韩愈性格开朗豁达,与人交往,无论对方发迹或是潦倒,他始终态度不变。年轻时同孟郊张籍友善,二人声名地位还不高,韩愈不避寒暑,在公卿中赞扬推崇他们。张籍终于得中进士,荣获官禄。后来韩愈虽然身份显贵,每当办完公事的闲暇,便同他们一起谈话宴饮,论文赋诗,和过去一样。而他对那些权豪势要,看作奴仆一般,瞪着眼睛不屑一顾。韩愈很善于诱导勉励后进,留在家中做宾客对待的十分之六七,即使自己早餐也吃不上,仍和颜悦色毫不在意。他总以振兴名声教化、弘扬仁义为己任。帮助内外亲和朋友的孤女婚嫁的近十人。

吏部开锁

韩愈曾任吏部侍郎,当时吏部的吏员中令史的权势最重,因为是吏部过去常关锁着,等待选补任命的官员不能到吏部来见面。韩愈上任后,将关锁放开,任凭候选官员出入,他说:“人们之所以怕鬼,是因为见不到鬼;如果能够看得见,那么人们就不会怕鬼了。”

鸢飞鱼跃

清光绪十四年(1888年),连州知州石炳璋从阳山拓韩愈真迹,将“鸢飞鱼跃”四字刻于燕喜亭右后侧的卧龙石上,后有何健的楷书题跋:“韩公大字世罕见之,乾隆壬寅,健秉铎阳山,得四字于土人家,为之勒石。”韩愈“鸢飞鱼跃”石刻见于山东潍坊十笏园、广东潮州韩文公祠、广西贺州小西湖、肇庆七星岩等地,影响颇广。

过马牵山

韩愈到任潮州时,正逢潮州大雨成灾,洪水泛滥,田园一片白茫茫。他到城外巡视,只见北面山洪汹涌而来,于是他骑着马,走到城北,先看了水势,又看了地形,便吩咐随从张千和李万紧随他的马后,凡马走过的地方都插上竹竿,作为堤线的标志。韩愈插好了堤线,就通知百姓,按着竿标筑堤。百姓听了十分高兴,纷纷赶来,岂料一到城北,就见那些插了竹竿的地方已拱出了一条山脉,堵住了北来的洪水。从此,这里不再患水灾了。百姓纷纷传说:“韩文公过马牵山。”这座山,后来就叫“竹竿山”。

驱逐鳄鱼

韩愈被贬到潮州做刺史时,当时潮州有一条江,江中有很多吃人的鳄鱼,成为当地一害,许多过江的人都被它们吃了。一天,又有一个百姓遇害了。韩愈忧心忡忡:鳄鱼不除,必定后患无穷。于是韩愈下令准备祭品,决定亲自去江边设坛祭鳄。韩愈摆好祭品后,对着江水大声喊道:“鳄鱼!鳄鱼!韩某来这里做官,为的是能造福一方百姓。你们却在这里兴风作浪,现在限你们在三天之内,带同族类出海,时间可以宽限到五天,甚至七天。如果七天还不走,绝对严处。”从此,潮州再也没有发生过鳄鱼吃人的事情了。人们把韩愈祭鳄鱼的地方称为“韩埔”,渡口称为“韩渡”,这条大江则被称为“韩江”,而江对面的山被称为“韩山”。

梦吞丹篆

韩愈在年少之时曾有一梦,梦中有一个人和一卷丹篆,自己被迫强行吞下丹篆,旁边还有一人在拊掌大笑,顿时觉得惊恐不已,随即便醒来了。

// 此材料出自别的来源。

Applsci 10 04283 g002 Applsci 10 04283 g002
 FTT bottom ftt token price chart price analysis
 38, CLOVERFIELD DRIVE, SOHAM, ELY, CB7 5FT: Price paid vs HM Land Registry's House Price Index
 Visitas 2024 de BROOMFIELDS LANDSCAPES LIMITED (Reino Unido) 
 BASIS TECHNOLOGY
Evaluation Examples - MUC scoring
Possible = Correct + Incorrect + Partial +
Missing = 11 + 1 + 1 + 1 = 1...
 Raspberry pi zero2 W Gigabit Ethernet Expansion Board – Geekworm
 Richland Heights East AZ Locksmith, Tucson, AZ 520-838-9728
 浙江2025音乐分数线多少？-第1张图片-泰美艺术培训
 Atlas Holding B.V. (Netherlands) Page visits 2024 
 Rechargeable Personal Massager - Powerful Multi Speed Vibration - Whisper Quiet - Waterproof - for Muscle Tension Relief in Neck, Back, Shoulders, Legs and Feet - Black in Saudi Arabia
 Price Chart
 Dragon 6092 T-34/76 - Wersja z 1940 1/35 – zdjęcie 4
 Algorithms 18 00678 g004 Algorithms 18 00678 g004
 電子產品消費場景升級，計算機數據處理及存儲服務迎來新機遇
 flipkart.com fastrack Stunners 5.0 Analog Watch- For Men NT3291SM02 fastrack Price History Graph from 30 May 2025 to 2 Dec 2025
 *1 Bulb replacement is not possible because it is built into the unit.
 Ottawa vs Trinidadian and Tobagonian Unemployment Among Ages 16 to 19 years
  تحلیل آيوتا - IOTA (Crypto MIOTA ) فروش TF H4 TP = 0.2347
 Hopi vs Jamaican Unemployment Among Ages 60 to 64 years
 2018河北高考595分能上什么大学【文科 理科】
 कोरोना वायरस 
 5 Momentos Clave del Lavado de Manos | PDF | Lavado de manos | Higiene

醒后,韩愈只觉胃中似乎犹如有物体噎住一般,而且尚能记上其中一两字,笔法非凡。之后得缘见到孟郊,总觉得似曾相识,细想之下才惊奇地发现,孟郊就是那个梦中在旁大笑之人。此事在《异人传》中有记载,在《龙城录》中的记录也较为详细,据说韩愈醒后“笔势非人间书也。后识孟郊,似与之目熟,思之,乃梦中旁笑者”。

梦事中所讲的“丹篆”即为道教咒符之文,常以丹砂书之,笔画呈云迥篆书。韩愈明确反对佛教信仰,但颇信道教丹药。至于道教的符咒之文,实际上并无兴趣。对于韩愈梦中会出现“丹篆”,可理解为两点:第一就是韩愈对文学的追求所产生的梦魇,他追求一种与众不同的书法,笔势特别,所以便在梦中以人们常见的“丹篆”显示了出来;第二可能就是在暗喻韩愈等人所提倡的“古文”意趣,“丹篆”正是根据秦汉古文字大篆小篆之形演化而来的。一个文学家和思想家,其行为思想皆可影响其睡梦中的境况,正所谓“日有所思,夜有所想”。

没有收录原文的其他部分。